The startling real-life crimes that inspired Sacramento’s ‘haunted river’ lore

The Delta King at sundown. Photograph by Scott Thomas Anderson

There’s a menacing mythos along the edges of Sacramento’s waterfront, an array of spoken stories reaching from the Delta King’s pilot house to those iron bridge-plates where the river bends against a spectral red before nightfall. These “twice-told tales” include disembodied whispers scurrying through the Brannon House; lights flickering behind the steal fire doors of the original Supreme Court; chairs and glass being shattered by a prospector’s wraith in the River City Saloon. With few exceptions, the area’s fright-fables tend to hover around the Sacramento River, emanating off its oldest docks in both directions, surviving from the hidden alleys of Colusa to the rickety former opium dens of Locke. They’re remarkable claims – and chilling ones. In the Colusa, the sighting are said to include a woman’s apparition who fades before the eyes. In Locke, it’s reports of a sinister hiss warning he’s the devil.

But what gave birth to all these legends?

According to dead newspapermen of the past, they’re tied to a whole lot of violence and tragedy that played out, over time, on California’s longest river.
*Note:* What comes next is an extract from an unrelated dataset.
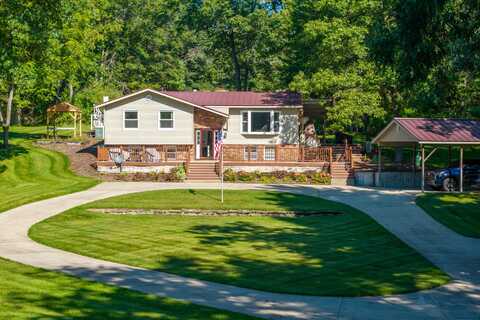 23616 15 Mile Road, Big Rapids, MI 49307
One of those incidents happened on March 18, 1908, just upstream from Sacramento’s waterfront. An Italian immigrant, Antonio Capollo, was attacked by a fellow countryman, Joseph Plaraino, on the Yolo side of the river. Reporters who covered the crime identified the initial motive as being robbery. Whatever was driving Capollo, he pulled out a large knife and started slashing the other man to ribbons: A writer for The Press-Democrat called Capollo’s act “one of the most atrocious murders in the history of the county.” The killer then dragged Plaraino’s body along the levee, ultimately throwing it into the waves of The Sacramento. The slaying happened only a few bends north of where the I Street bridge was constructed not long after. Capollo was promptly arrested. On April 30, 1908, he was sentenced to be hanged at Folsom Prison.

Sacramento’s waterfront prepares for Halloween. Photograph by Scott Thomas Anderson

Just three years later, authorities were confronted with another horrifying discovery connected to the Sacramento River. It was the morning of April 21, 1911 when a few campers along the riverbank west of Chico noticed a wagon alongside the shore. They also found a letter nearby addressed to a Mr. O. M. Baker of Colusa. Studying the scene, the campers spotted something that might have made their hearts skip.

“A blood-stained ax, a club clotted with blood, a pile of ashes in the center of which were charred human bones, and a metal clasp,” is how The Colusa Daily Sun described it. “The campers searched the premises further and found other evidences that a crime had been committed. A flour sack, saturated with blood, was also found, and adhering to the sack were several short human hairs of a light brown-color … The bed of the wagon was covered with blood, and the wheels, rear axle and sides were also bespattered with blood. The owner of the wagon was not to be found, nor were the horses.”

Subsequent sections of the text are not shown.